I'm a good company man and I'll use whatever software my district provides. In the past 10 years, I've used Accelerated Math, Larson Math, Plato, and Apex.

As a classroom teacher, I get a close-up view of computer-based math learning programs. But I don't often get the state-wide and nationwide perspective. That's where Educational Insanity comes in.

Jon Becker ran series of articles that explored NAEP Data on computer use, race, and math test scores. Here's what he found.

From Computer use and (lower?) math achievement:
This is 4th graders, 2007, and, yes…the score for the group of students who report daily or almost daily use of computers at school for math is (statistically significantly) lower than all of the other groups.

From Computer use and math achievement (part deux) regarding 8th grade results:
The group of students who never or hardly ever use computers score significantly higher than the other groups, across all applications.

From Drill & Kill and Digital Equity:
Overall, African-American students are much more likely to use computers to practice or drill on math facts than White students. Given the significant achievement gap that exists, these differences partly explain why, overall, the there is a negative correlation between using computers to practice or drill on math facts and math achievement. I can’t be entirely sure about the degree to which race confounds that overall relationship without access to the raw (restricted-use) NAEP data.

2 comments:

Jon Becker said...

Glad I could inform your thinking. I respect that you're a good company man, but perhaps there's a way to inform those who make decisions about technology funding about the problems with integrated learning systems? I don't know Alaska well (or at all), but I'm guessing there are better, more progressive ways to use the technology, such as using the Web to learn in collaboration with students in the other 49 states?

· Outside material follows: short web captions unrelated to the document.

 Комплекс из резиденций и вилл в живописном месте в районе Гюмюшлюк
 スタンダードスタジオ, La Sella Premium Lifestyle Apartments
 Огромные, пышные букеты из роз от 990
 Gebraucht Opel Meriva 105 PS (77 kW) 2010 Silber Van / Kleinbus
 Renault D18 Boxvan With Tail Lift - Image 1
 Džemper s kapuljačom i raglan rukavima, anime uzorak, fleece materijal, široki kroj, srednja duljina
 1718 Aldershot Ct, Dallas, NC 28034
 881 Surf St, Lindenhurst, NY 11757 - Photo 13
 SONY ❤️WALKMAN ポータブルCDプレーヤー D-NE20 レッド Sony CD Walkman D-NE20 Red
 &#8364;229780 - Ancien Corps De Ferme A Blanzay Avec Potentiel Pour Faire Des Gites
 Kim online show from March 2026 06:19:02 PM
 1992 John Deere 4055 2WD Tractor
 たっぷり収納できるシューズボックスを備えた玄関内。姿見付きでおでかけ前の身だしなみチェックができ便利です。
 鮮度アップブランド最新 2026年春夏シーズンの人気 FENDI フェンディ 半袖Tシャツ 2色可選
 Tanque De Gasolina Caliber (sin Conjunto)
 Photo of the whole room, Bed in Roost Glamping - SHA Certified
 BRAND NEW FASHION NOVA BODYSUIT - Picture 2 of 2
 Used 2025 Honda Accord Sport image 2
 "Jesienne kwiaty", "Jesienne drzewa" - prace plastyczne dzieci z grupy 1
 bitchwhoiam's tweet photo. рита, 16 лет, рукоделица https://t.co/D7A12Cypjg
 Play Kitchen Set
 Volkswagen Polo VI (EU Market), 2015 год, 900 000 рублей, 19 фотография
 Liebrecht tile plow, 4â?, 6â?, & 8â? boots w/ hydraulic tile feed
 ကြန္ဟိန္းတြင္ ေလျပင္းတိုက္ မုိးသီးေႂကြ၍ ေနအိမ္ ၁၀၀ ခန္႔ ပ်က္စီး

I love that you're reflective about your work.

andrewcknoll said...

A personal note: My son is a minority (Native Alaskan) who uses a math support program 180 days per year at school.

FWIW, he likes the program and works really hard at it. It's an extra hour in addition to his regular math class.

@Jon I respect your experience in educational data analysis and I'll definitely share your findings with appropriate folks in my district. You are welcome in my little corner of the internet anytime.